第15話『蒼き電脳の海』
偽りの妖精は、あれだけ苦しんでいたにも関わらず、何事もなかったように無表情で語りだす。それも、まったく別人のような口ぶりで、
「恩を仇で返すとは。礼節を忘れたようだなアラン――いや、墓守人よ」
「恩? あんな茶番に付きやってやったんだ。逆だろ? 礼を言われる覚えはあるぞ」
「本来なら今頃、クロームセキュリティ社によって真相が暴かれていたぞ。お前がペリコム1であるという真実に」
「だからどうした。それが、ジェミナス02を名乗って良いということには、ならない。そもそも何故、彼女の名を語り、俺を騙すようなことをした。正々堂々と名乗ればいいじゃないか。それとも、名乗れない理由があるのか?」
「名乗ったところで、信頼は築けないと判断したまでだ。君が心を許す唯一無二の存在。ジェミナス02の名を借りれば、円滑に事が進めると判断した。そちらのほうが効率的であり時間を大幅に短縮できる。

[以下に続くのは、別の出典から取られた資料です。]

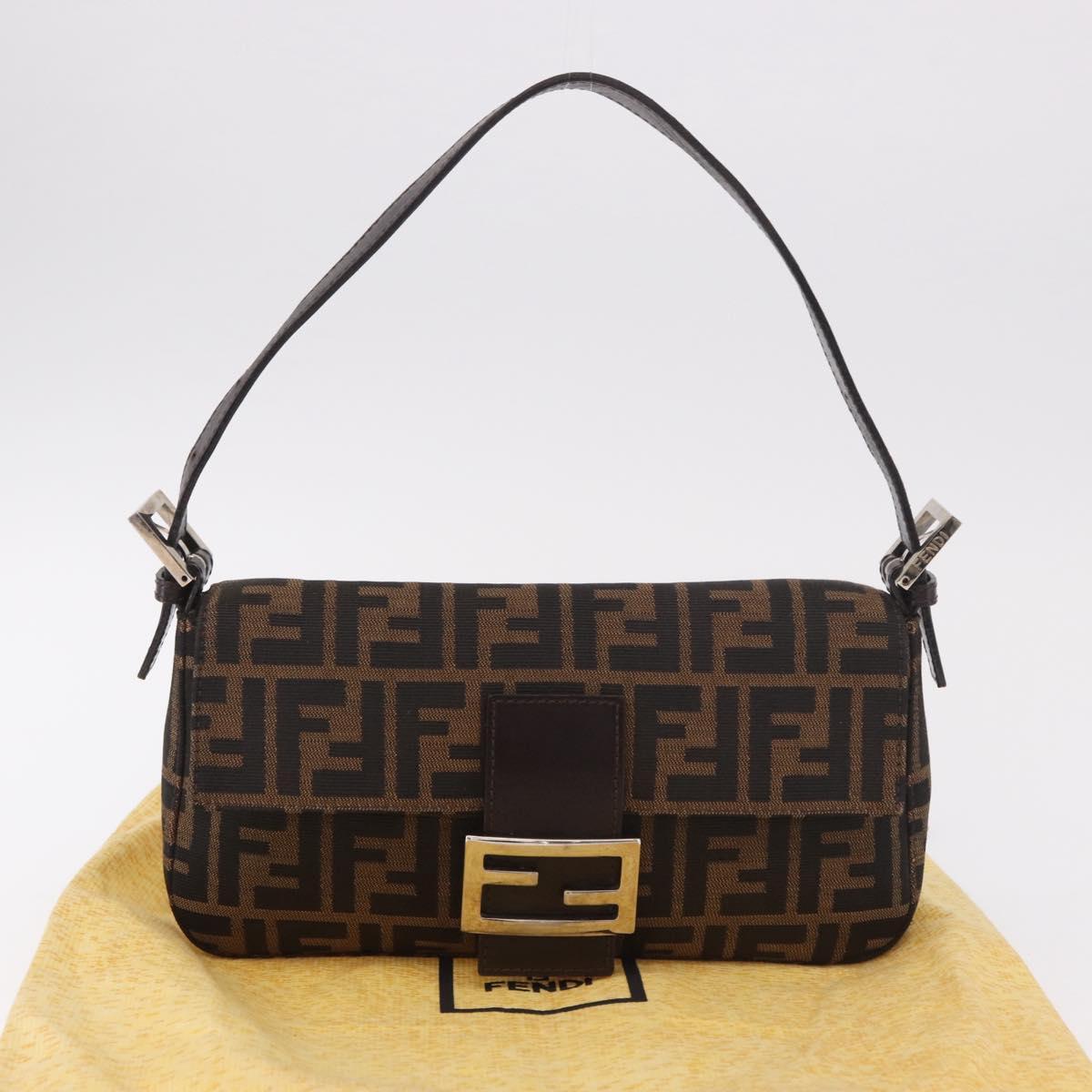 FENDI Zucca Canvas Mamma Baguette Shoulder Bag Black Brown Auth 189064V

それと、あれは騙したのではない。功労者である君に捧げた、ささやかなプレゼントだよ。幸せな結末というものを、見せてあげたかっただけのことだ」
「うさんくさいな。そもそもあんたの言う幸せは、俺自身が殺したんだ。ジェミナス02をこの手で葬ったあの日から、俺にはもう、幸せな結末は訪れない」
墓守人は言葉を詰まらせる。脳裏にジェミナス02を葬った、あの瞬間が過ぎったのだ。あれからどれだけ時が過ぎようとも、あれを忘れることはない。それどころか苦痛が色濃くなるばかりだった。
その痛みを胸に、墓守人は自身へ今一度戒めるように、重々しく言葉を紡いだ。
「俺にハッピーエンドは……訪れない。もうどんな選択肢を選んでも、バッドエンドしか残ってねぇんだ」
偽りの妖精は、もはや交渉は不可能と判断する。だが決断を保留し、再度説得を試みる。課せられたフローチャートを、なんとか遂げようとしたのだ。

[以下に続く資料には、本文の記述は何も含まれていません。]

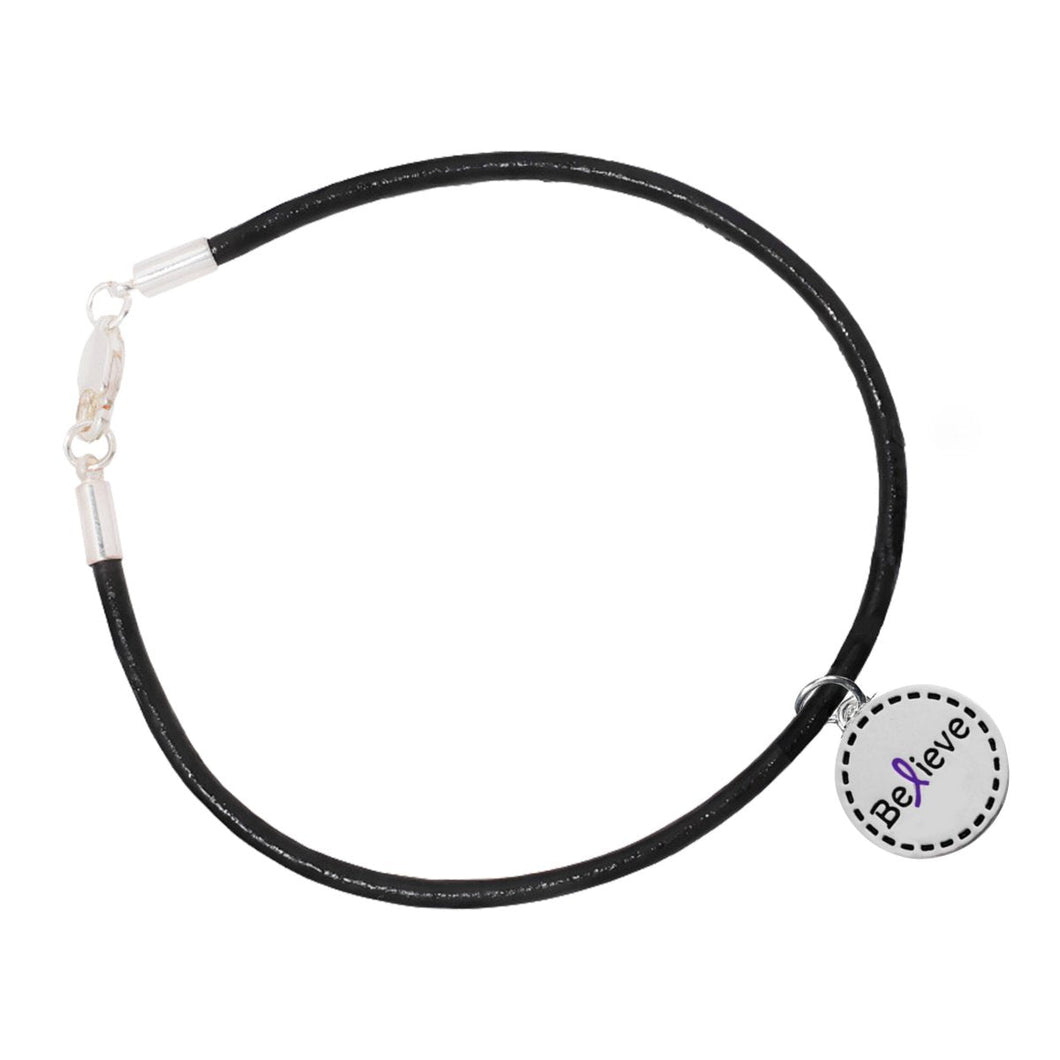 Purple Ribbon Round Believe Leather Cord Bracelets - The Awareness Company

「頑固な男だ。それほどまでに、彼女の死を引きずるか」
「死を引きずる……か。そうかもな。だがそれがせめてもの弔いであり、俺が背負った咎だ。これに関して、部外者に口を挟まれる筋合いはない。これは、俺とジェミナス02との問題だ」
「だがそれでも、夢見ていたはずだ。ジェミナス02との邂逅を。彼女からの赦しの言葉を」
「赦し……か。違う、と言えば嘘になる。しかしそれは、もう永遠に叶わぬ夢だ。どんなにそれを夢見ても、それが現実になることはない。そして犯した罪が消えることはないんだよ。

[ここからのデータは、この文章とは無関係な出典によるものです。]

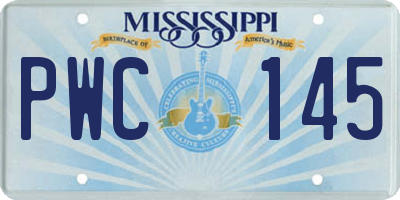 MS license plate PWC145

仲間との思い出も、本当の名も、すべて過去に埋葬して来た。
今ここにいる俺は、彼女の……いや、共に空を守った仲間たちを弔い。その霊廟を守る墓守人だ。濡れ衣と共に、仲間殺しの罪を背負った――ただ、それだけの存在なんだよ」
「非論理的であり、理解に苦しむ。身を引き裂くほど苦しいのだろ? 救われたいのだろ? そのような過去は棄てるべきと助言する。なぜなら、諦観のうちに壊死するからだ。なんの益もない、無意味な行いに他ならない」
「それはエゴだよ。都合が悪いから、自分の犯した過去から目を背け、無かった事にしてゴミ箱に棄てるなんて……できるわけがない」
「それが人というものだ。愚かにも人は忘れ、同じ過ちを繰り返す。他でもない、人類の歴史がそれを物語っているじゃないか。しかしそれは同時に、強さでもある。忘却するからこそ、人は萎縮せず、前に進めるのだ」
「そりゃ、どこの自己啓発本から引っ張ってきた言葉だ? その愚かなる人類の一人として、あえて言わせてもらおう。過去を背負う勇気の無いやつが、強いはずがない。それも、自分の罪から逃れるなんて……。それは単に、自分を誤魔化しているだけだ!」
偽りの妖精は決断を下した。墓守人は、すでに我々の言葉に耳を傾けない。もはや交渉は無意味である――と。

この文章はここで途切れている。